The goal is to find the smallest member of a prime number family consisting of exactly eight primes that share one additional property.

With two examples given, the problem description is pretty clear. 56003, 56113, 56333…56**3. Replace the wildcards with the same digit and the resulting number is still prime.

Everything else is just vague as f***. How many wildcards? What’s their position? Will the “smallest” prime be a rather large number or not?

At least the wildcard values are more or less clear. As the prime number family will have eight members, eight different wildcard substitutes out of [0, 1, 2, …, 9] will be required.

Asking “Dr. Google”

Lazy as I am, I started googling for the term “prime number family”. For sure, there must be something on mathworld.wolfram.com. Mathematically illiterate as I am, I couldn’t find anything. Therefore, I had to go back to the drawing board.

DIY

Whenever I don’t know what to do, I tend to start with something very simple. In this case, a for-loop to generate numbers and a function to check for primes. With an upper limit of 1.000.000. Working on Project Euler problems often involves comically large numbers. Turns out this one time I got lucky with my uneducated guess.

I also just assumed (hoped) that the correct answer will contain only two or three wildcards. Nevertheless, I added a function to count the occurrences of a given digit within one of my prime numbers. Without paying any attention to its position.

Next, I added a replacement method.
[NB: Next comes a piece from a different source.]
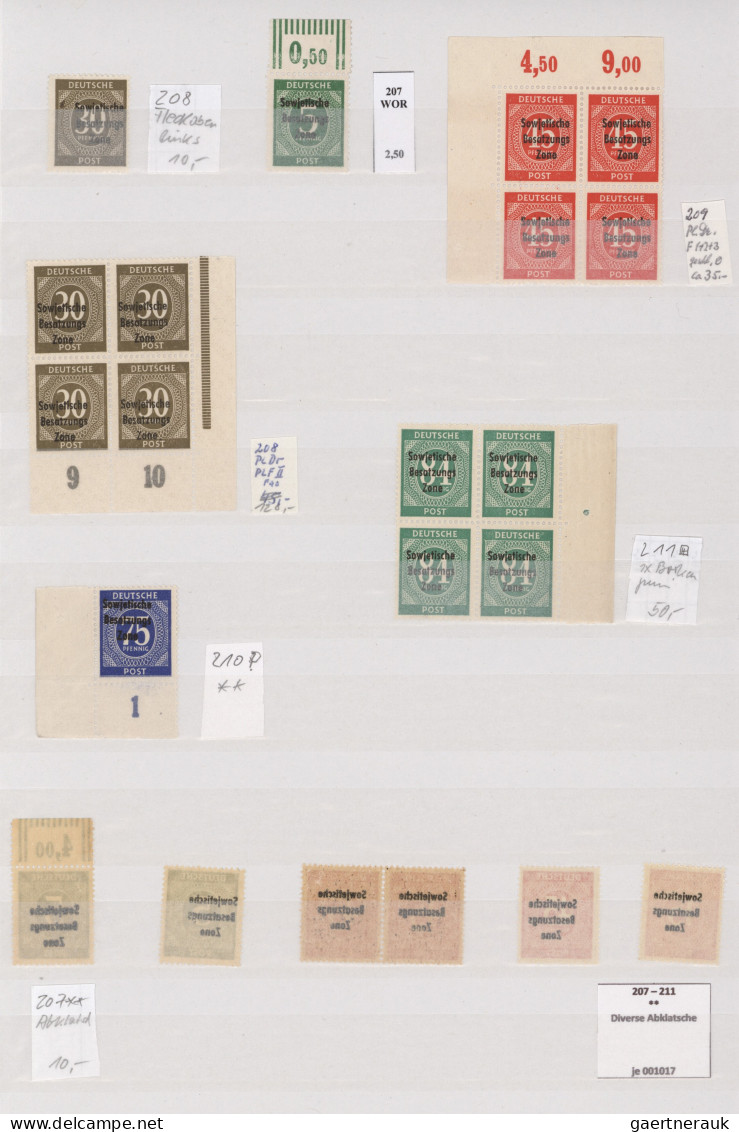 Sowjetische Zone - Allgemeine Ausgaben: 1948/1949, Leipziger Messe, Meist Postfr - Other & Unclassified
Beware of leading zeros!

And finally, a counter for the resulting primes after replacing the wildcards by iterating the list [0, 1, 2, …, 9].

After fiddling around with the parameters of my patchwork code and removing a couple of bugs, I found a promising small number matching the requirements, pasted it in the answer field, and hit jackpot faster than expected.

My solution might not be the most elegant, but it works and still executes reasonably fast (~1 second) after removing all guesswork from the code.

Before calling it a day, here are some hints in case you are stuck working on Problem 51:

You are looking for a small number (way below 1.000.000).